Incidentally, Christ’s death was relatively quick, and unusual for crucifixion. The soldiers were ordered to break His legs in order to hasten His death (in response to the plea of the Jews that He should not have to hang on the cross throughout the Sabbath Day–John 19:31). However, when they came to break His legs, He was already dead. So, part of the miracle of the Cross is that Christ actually bled to death, due to the wounds in His hands and feet (from the nails), His skull (from the crown of thorns), and His side (from the spear). This is why, in Christendom, the blood of Christ is sacred–the very means by which the only sinless man was sacrificed for those who choose to believe in the gospel message. Leviticus 17:11 says, “For the life of a creature is in the blood, and I have given it to you to make atonement for yourselves on the altar; it is the blood that makes atonement for one’s life.”

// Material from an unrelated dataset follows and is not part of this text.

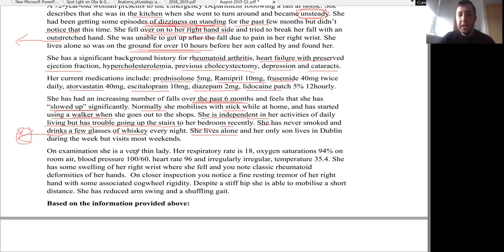On examination, she is a very thin lady. Respiratory rate is 18 — accepted normal. Oxygen saturation 94% on room air — accepted normal. Blood pressure is 100/60, which is on the low side, so she has hypotension. Heart rate is 96, which is on the upper side, so she has tachycardia. She has an irregular, irregular pulse, which may indicate an arrhythmia — the most common arrhythmia associated with irregular, irregular pulse is atrial fibrillation. Temperature is 35.4, so she is hypothermic.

Now back to the Biblical answer to your question, I believe that the following Scriptures apply:
– Acts 2:23 notes that Christ was “… nailed to a cross by the hands of godless men and put Him to death.” This confirms what history tells us about how gruesome death by crucifixion was.
– Galatians 3:13 says that, “Christ redeemed us from the curse of the Law, having become a curse for us-for it is written, “CURSED IS EVERYONE WHO HANGS ON A TREE.” This teaches that the perfect Christ became a curse when our sins were placed upon Him.
– Colossians 1:20 says that Christ “… made peace through the blood of His cross.” Our reconciliation (for our sins) with God was made possible only through Christ’s blood on the cross.
– Hebrews 12:2 notes that Christ “… endured the cross, despising the shame.” Everyone understood that crucifixion was quite something to endure. More importantly, Christ overcame the shame of the cross through His resurrection.”
– 1 Peter 2:24 says that Christ “… bore our sins in His body on the cross, so that we might die to sin and live to righteousness.” This is one of many scriptures explaining that, upon believing this gospel message, we believers know that Christ died for our sins, and we will live with Him in eternity (John 3:16-18).
So, I can understand why you might feel a disconnect between the killing aspect of crucifixion and how we use it in our faith as a symbol for God’s love. However, I believe that this disconnect can really be interpreted as a connection–between Christ’s great sacrifice and how it provided salvation for us when we had otherwise had nothing worthy to offer God.
One other thing comes to mind: I was taught (as a Protestant) to believe that the display of a cross in our day was acceptable as long as it was only a cross; i.e., not a cross with Christ’s body on it, as seen throughout Roman Catholic churches. We were told that, since Christ had defeated the cross through His resurrection, then we should think of the cross as “the empty cross which could no longer hold Him,” instead of the cross that held His dead or dying body. Well, I’m no longer as adamant about this as I used to be. Although it’s my preference to display an empty cross (like on Karen’s “wall of crosses” in our kitchen), I can also understand why one would also want to remember the cross as it still held Christ’s body, re-enforcing the idea of His great sacrifice.
Sorry, I got a bit long-winded there. I truly get excited when I think about Christ’s death on the cross for sinners such as myself.